Our product teams had evaluated the various options for enabling people to register for their name and decided upon a single first come, first serve registration window for every user. Although this was the most fair, it was difficult operationally because predicting the number of users that would show up at that time to claim a name was impossible. The Memcached infrastructure that runs behind every page on the site was partitioned and expanded to cope with users checking the availability of names. It also supported our list of blocked names like Pizza, RonPaul and Beer. One terabyte of in-memory cache was dedicated exclusively for the username launch. Most pages on Facebook are comprised of multiple AJAX calls and other JavaScript/CSS resources, but the registration page for usernames was stripped down as much as possible to incur very little additional load on our web servers. Users were directed straight to this page for their registration, bypassing the more intensive parts of Facebook.

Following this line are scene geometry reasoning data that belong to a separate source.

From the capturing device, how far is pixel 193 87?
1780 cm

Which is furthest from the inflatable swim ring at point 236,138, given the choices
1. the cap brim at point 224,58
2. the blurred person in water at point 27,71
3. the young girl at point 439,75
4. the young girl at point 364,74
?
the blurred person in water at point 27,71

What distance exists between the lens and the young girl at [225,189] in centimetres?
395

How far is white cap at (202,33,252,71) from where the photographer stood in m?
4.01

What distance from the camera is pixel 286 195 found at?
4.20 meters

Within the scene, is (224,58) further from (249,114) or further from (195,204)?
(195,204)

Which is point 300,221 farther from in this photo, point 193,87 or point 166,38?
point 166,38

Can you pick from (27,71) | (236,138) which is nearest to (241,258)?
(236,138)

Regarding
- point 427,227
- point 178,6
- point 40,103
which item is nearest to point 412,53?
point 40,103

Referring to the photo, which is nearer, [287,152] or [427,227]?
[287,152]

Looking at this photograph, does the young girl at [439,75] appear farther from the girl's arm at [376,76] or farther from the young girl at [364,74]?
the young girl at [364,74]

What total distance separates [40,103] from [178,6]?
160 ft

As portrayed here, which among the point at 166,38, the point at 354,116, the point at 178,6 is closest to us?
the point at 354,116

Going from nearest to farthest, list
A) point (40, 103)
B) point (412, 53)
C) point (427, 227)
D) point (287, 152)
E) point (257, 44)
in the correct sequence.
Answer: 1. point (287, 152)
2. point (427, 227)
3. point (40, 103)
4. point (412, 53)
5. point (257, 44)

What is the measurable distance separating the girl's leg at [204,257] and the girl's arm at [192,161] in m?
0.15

We intentionally chose to launch the feature at a time of low site activity (Friday at 9PM Pacific) to help with the expected extra demand, and assembled people from many groups within Facebook to be in our “War Room” during the launch. The software engineers that wrote the code, network, system, and security engineers, SRE’s, product managers, and anybody else that wanted to help out assembled for few hours eating Chinese food, drinking beer, and enabling usernames on Facebook. The launch of usernames was unprecedented because of its potential to affect the experience and stability of Facebook in a very real way. About a month prior to the big night we began planning for any possible contingency by performing background load testing with normal traffic. Additionally, we developed a comprehensive set of levers and knobs that would enable us to alter site functionality to cope with the extra demand.

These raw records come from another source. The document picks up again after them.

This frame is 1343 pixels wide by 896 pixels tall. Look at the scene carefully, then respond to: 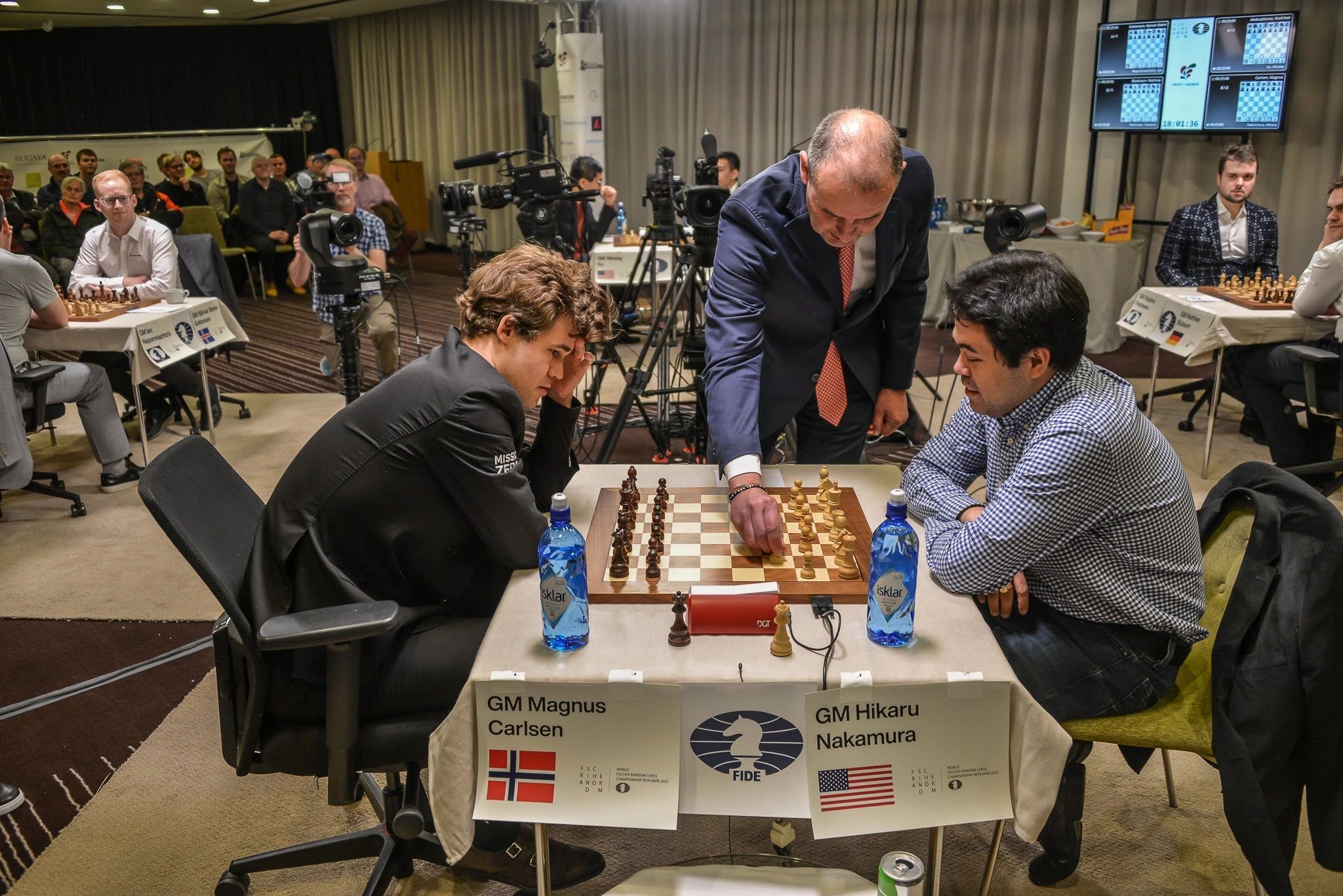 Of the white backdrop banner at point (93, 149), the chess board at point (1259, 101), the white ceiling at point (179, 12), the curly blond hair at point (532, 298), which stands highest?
the white ceiling at point (179, 12)

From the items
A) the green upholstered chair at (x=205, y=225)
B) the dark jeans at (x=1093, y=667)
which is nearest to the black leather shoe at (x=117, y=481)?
the dark jeans at (x=1093, y=667)

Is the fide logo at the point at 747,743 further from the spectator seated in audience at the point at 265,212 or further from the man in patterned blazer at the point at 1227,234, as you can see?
the spectator seated in audience at the point at 265,212

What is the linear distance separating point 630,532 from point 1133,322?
345 centimetres

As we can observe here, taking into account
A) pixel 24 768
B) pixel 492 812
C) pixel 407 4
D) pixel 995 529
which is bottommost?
pixel 24 768

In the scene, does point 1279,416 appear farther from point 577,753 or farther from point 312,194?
point 312,194

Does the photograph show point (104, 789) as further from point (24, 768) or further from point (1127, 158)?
point (1127, 158)

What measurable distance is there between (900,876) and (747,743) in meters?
0.27

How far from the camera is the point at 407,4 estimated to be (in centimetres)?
1091

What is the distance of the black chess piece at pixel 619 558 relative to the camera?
5.43 feet

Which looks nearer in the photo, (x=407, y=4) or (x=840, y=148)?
(x=840, y=148)

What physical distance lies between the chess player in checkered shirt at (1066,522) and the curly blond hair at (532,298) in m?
0.64

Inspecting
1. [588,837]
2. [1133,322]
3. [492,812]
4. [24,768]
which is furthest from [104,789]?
[1133,322]

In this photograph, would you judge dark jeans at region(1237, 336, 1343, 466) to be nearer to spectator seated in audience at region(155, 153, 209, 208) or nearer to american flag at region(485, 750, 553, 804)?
american flag at region(485, 750, 553, 804)

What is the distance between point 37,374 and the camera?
3588 mm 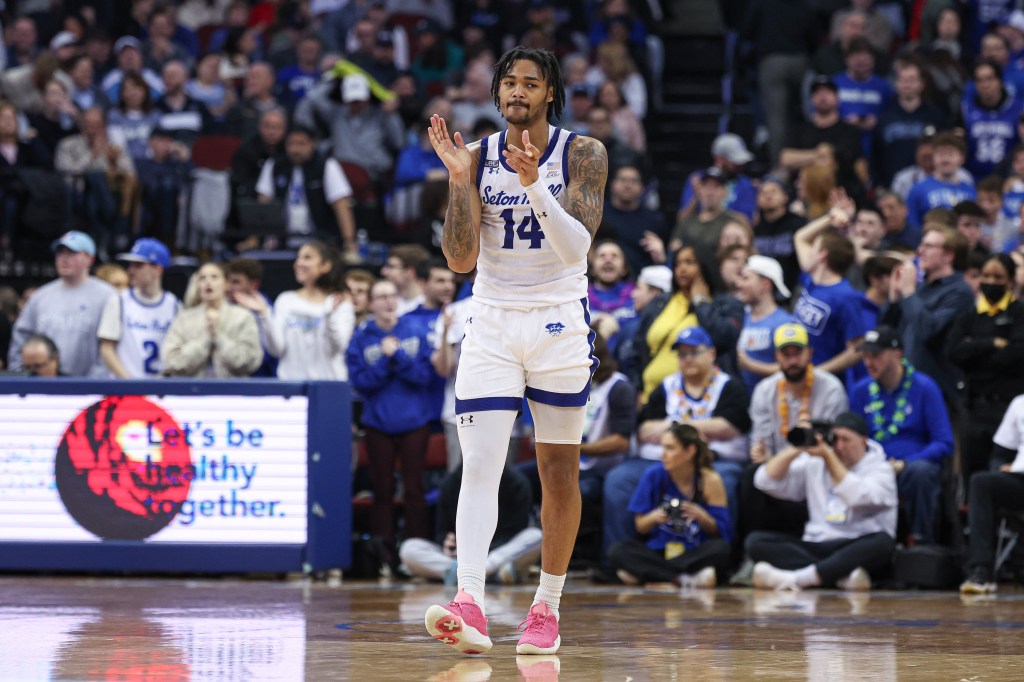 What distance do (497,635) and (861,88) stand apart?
11194mm

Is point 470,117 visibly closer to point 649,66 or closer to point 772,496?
point 649,66

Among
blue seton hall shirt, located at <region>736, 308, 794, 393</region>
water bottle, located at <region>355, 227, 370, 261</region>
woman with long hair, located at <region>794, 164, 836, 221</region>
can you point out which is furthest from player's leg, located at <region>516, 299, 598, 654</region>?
water bottle, located at <region>355, 227, 370, 261</region>

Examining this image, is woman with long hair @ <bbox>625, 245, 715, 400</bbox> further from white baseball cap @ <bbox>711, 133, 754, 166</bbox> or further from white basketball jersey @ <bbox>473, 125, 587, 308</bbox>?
white basketball jersey @ <bbox>473, 125, 587, 308</bbox>

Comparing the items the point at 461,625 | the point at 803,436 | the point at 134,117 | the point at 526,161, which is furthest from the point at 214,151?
the point at 461,625

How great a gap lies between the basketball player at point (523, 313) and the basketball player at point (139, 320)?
6639 millimetres

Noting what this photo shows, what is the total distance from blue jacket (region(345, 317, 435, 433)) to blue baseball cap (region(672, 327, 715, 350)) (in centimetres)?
202

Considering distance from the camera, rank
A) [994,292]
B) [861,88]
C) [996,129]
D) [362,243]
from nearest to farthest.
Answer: [994,292], [362,243], [996,129], [861,88]

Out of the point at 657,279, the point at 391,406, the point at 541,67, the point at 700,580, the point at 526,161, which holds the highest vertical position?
the point at 541,67

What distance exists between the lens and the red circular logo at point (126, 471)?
11.1m

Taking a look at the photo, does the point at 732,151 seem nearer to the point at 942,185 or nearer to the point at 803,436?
the point at 942,185

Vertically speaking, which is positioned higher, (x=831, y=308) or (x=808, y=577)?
(x=831, y=308)

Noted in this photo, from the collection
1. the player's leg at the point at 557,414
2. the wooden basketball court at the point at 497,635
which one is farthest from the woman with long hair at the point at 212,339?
the player's leg at the point at 557,414

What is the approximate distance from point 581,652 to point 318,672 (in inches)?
52.6

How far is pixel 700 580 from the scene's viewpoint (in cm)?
1103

  • “Dark Launching”: During the two weeks prior to launch we began what we call a “dark launch” of all the functionality on the backend. Essentially a subset of user queries are routed to help us test, by making “silent” queries to the code that, on launch night, will have to absorb the traffic. This exposes pain points and areas of our infrastructure that needs attention prior to the actual launch. Increasing the demand on one subsystem may generate more logs than anticipated and overwhelm analysis processes, or unexpected network bottlenecks may appear. “Dark launching” allows us to stress test parts of Facebook before it would be apparent, while still simulating the full effect of launching the code to real users.
  • Levers and the “Nuclear Option”: We couldn’t be sure of the exact level of traffic the launch would generate so we put together contingency plans to decrease the load on various parts of the site. This gave us overhead in core functionality at the expense of less essential services. Facebook comprises hundreds of interlocking systems, although to users it’s presented as a simple web page. Throttling back the behavior of certain facets allows us to lighten the demand on our infrastructure without compromising major site functionality. The time required to make most of these changes is usually less than a minute.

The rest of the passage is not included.